Ron Terada. Photo courtesy the AGO. Behind: Ron Terada, Jack, 2016–17. Acrylic on canvas, 14 panels, 203.2 x 162.6 cm each. Art Gallery of Ontario. Purchased with the assistance of Eleanor and Francis Shen, 2017.
Since the early 1990s, Vancouver-based artist Ron Terada has recontextualized found texts into bold artworks of various forms, including paintings, sculpture and even replica highway signs. Terada’s sculptural work Entering the City of Vancouver (2002) is featured prominently at the AGO as part of Light Years: The Phil Lind Gift, serving as the focal point upon entering the exhibition. The late Phil Lind (1943-2023) was a prolific collector of contemporary art and gifted the AGO many of the works in the exhibition. Along with Entering the City of Vancouver, works by other notable Vancouver-born artists Stan Douglas, Rodney Graham and Jeff Wall are also included. On Wednesday, April 23, Terada will be in conversation at the AGO with Kitty Scott, curator and Strategic Director at Shorefast and Fogo Island Arts.
The two will talk about his practice and recent exhibitions at the Power Plant Contemporary Art Gallery and the AGO. Organized by Scott, Terada’s 2023 Power Plant exhibition We Did This to Ourselves included his series TL;DR which recasts extraordinary headlines generated from tech-news source The Verge in the distinct typeface used by The New York Times.
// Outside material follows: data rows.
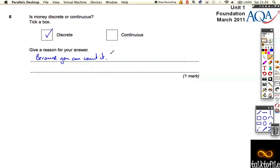And that means that continuous data is always like you can measure it more and more accurately depending on whether you have a stopwatch or a laser timer or something like that, or a really better piece of equipment.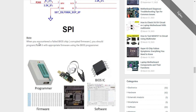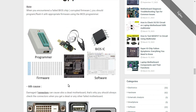When you encounter a failed BIOS chip with corrupted firmware, you must program or flash the BIOS with the appropriate firmware using a BIOS programmer. Note that about 50% of laptop problems are due to the BIOS — this is a very important point you should know. So if you have a bad or damaged BIOS with corrupted firmware, the first thing you should do is flash or reprogram the BIOS.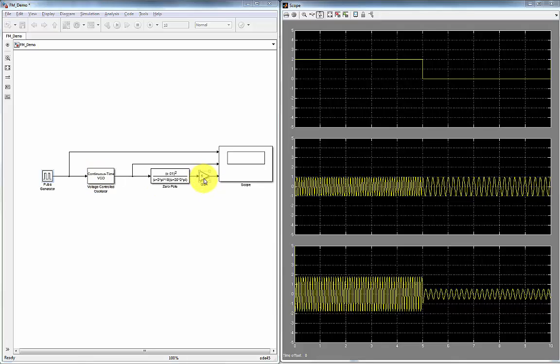And we have an amplifier with a gain of 5 shown here. And we have the scope display.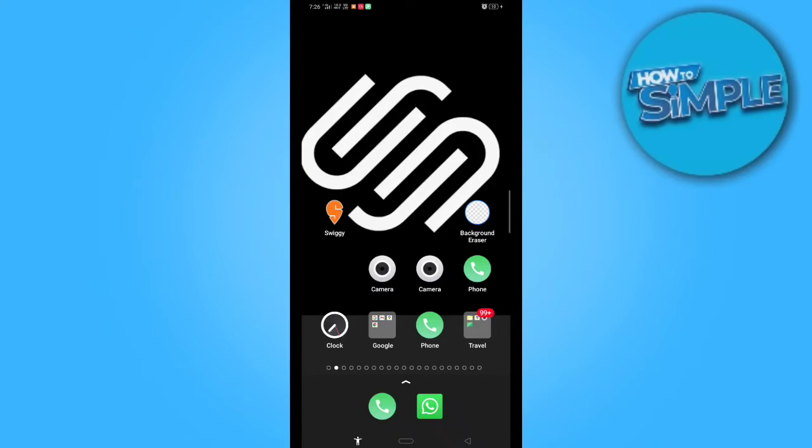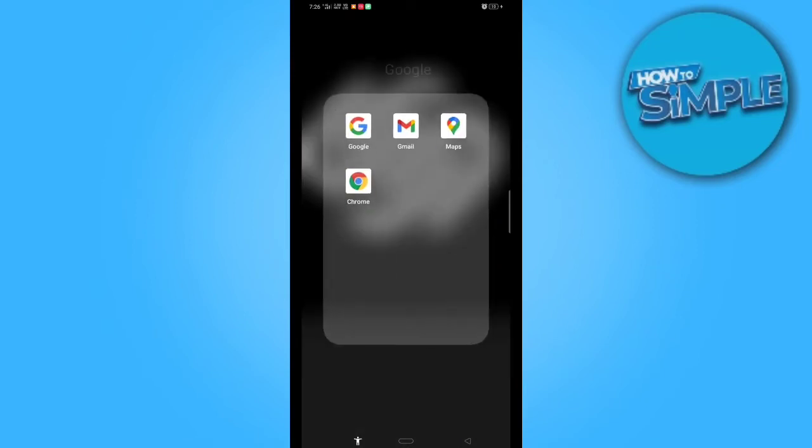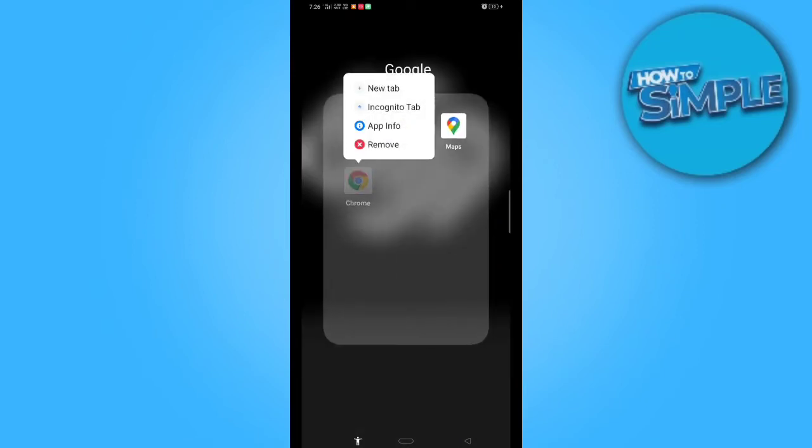So one of the best solutions is to tap on Google Chrome and go into app information.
In 2018, the AGO exhibited his painting series the Jack Paintings, which was made in response to specific excerpts artist Jack Goldstein’s memoir.
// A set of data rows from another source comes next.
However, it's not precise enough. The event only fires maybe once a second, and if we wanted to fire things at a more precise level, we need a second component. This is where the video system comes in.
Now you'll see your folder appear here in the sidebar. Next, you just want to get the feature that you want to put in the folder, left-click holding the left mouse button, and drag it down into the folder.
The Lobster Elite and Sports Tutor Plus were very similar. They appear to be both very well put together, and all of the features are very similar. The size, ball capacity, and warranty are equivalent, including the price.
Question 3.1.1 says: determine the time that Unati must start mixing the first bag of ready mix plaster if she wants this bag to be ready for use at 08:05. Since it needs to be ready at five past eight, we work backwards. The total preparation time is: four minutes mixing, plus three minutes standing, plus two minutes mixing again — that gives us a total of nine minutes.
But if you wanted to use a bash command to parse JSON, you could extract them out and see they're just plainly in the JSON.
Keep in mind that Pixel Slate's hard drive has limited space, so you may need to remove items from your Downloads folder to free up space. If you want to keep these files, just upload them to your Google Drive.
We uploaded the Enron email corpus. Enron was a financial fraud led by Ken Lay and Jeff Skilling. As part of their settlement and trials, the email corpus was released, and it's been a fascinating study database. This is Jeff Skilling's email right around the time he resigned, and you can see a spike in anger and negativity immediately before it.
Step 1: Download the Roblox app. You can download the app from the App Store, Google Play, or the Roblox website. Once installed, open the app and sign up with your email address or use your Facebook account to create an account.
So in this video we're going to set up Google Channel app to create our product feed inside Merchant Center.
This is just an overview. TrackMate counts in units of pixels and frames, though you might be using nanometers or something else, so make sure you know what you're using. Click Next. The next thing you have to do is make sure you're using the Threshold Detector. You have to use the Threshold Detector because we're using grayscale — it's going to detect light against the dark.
Terada spoke to Foyer about how Entering the City of Vancouver came to be, the origins of his interest in typography, and his practice at large.
Foyer: Can you share the backstory of Entering City of Vancouver? What inspired you to create a replica highway sign? What commentary, if any, do you feel the work makes about Vancouver?
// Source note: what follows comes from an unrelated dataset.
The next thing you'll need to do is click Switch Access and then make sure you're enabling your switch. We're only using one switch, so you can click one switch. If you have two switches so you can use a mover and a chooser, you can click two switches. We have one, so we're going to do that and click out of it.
Terada: In 1999, Kitty Scott curated an exhibition featuring Geoffrey Farmer, Myfanwy MacLeod and myself for the Canadian Pavilion at the Melbourne Biennial. It was my first experience of being
framed as an artist from Vancouver—the premise being that the three of us represented a new, post-photoconceptual generation of Vancouver artists. Kitty titled the exhibition Universal Pictures in reference to our pop cultural leanings and interest in the myth-making movie industry.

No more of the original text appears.